The piece, titled "The Deadly Choices at Memorial," became a collaborative work involving ProPublica and the Times Magazine. In a letter to readers, Gerald Marzorati, then-editor of the magazine, wrote that "the article has been shaped not only by ProPublica but by Times editors; it passed through the magazine's normal editing process; and it was read and read again by the paper's top management as well as that of ProPublica."

According to Fink, the additional eyes on her work were more a blessing than a hindrance. ProPublica provided editorial, legal and financial support for the research and writing of the story, and the Times Magazine "provided additional layers of editing, fact-checking and lawyering as well as terrific art, design and photography," Fink says. "One of the biggest challenges―working with multiple editors at two very different institutions — turned into a big upside, because it meant getting diverse input and guidance from really smart, experienced people. The success of the story is owed to them."

The collaboration paid off handsomely. Fink's piece won the 2010 Pulitzer Prize for Investigative Reporting, the 2010 Dart Award for Excellence in Coverage of Trauma and the 2010 National Magazine Award for Reporting. Thanks to collaboration, Fink's piece was able to reach a larger audience than it would have on its own.

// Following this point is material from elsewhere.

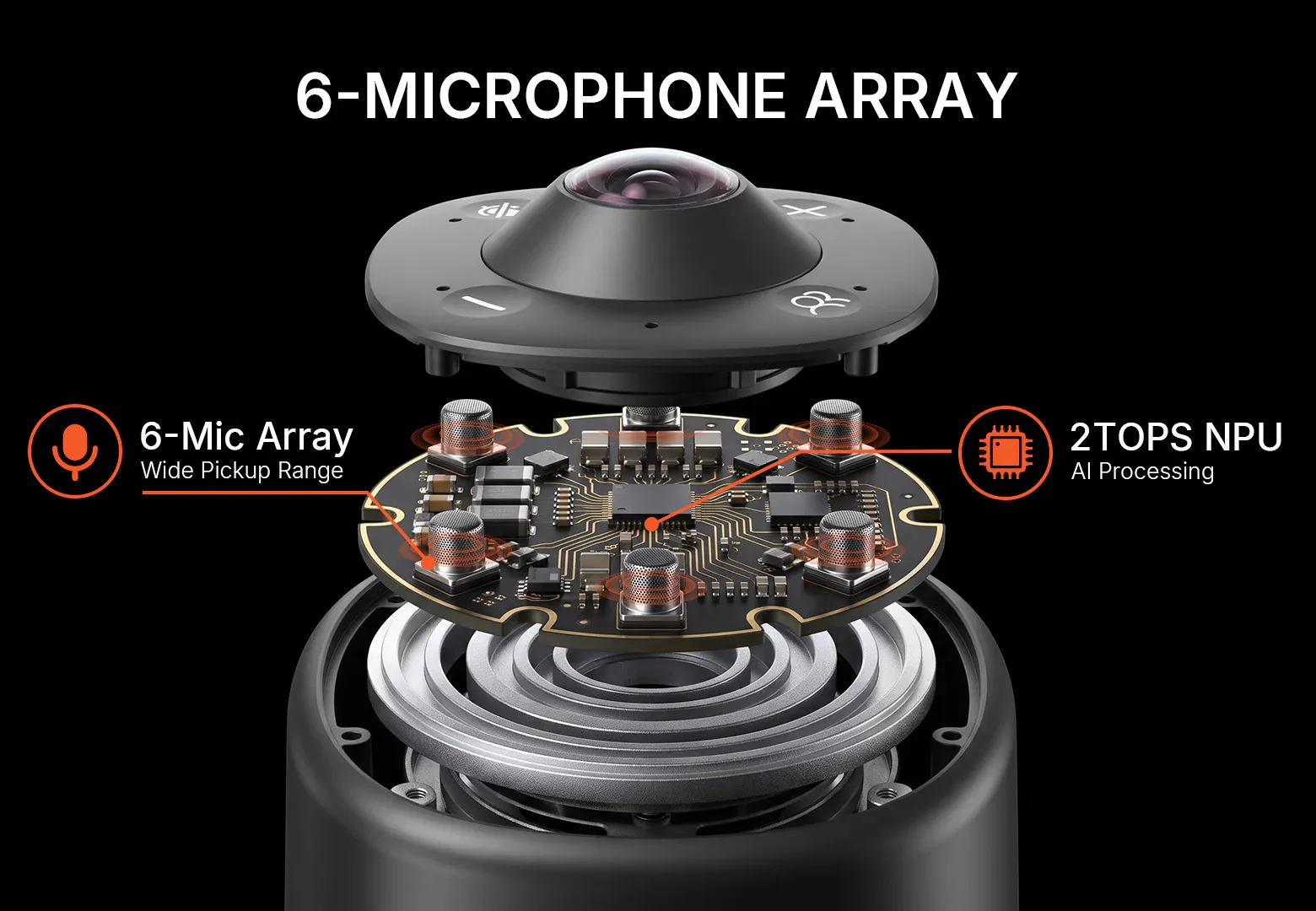 nuroum 360 pro six microphone array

In the past three years, ProPublica has partnered with a variety of media outlets, from well-known outlets like ABC News and the Chicago Tribune to niche publications like Amazon's Kindle Singles. In addition to the Pulitzer Prize for Fink's piece, ProPublica's series on the actions of Wall Street bankers during the economic crisis, published in partnership with Amazon, won the 2011 Pulitzer Prize for National Reporting.

While some might worry the advent of collaboration signals the end of competitive journalism, Glaser is quick to assert that's not the case at all. "I think, in general, there will still be a push to get things first, and there's still so much different media, I can't see them all getting to a point where they are no longer competing," he says. "We don't expect this to be a soft-focus campfire scene with people singing 'Kumbaya' and holding hands."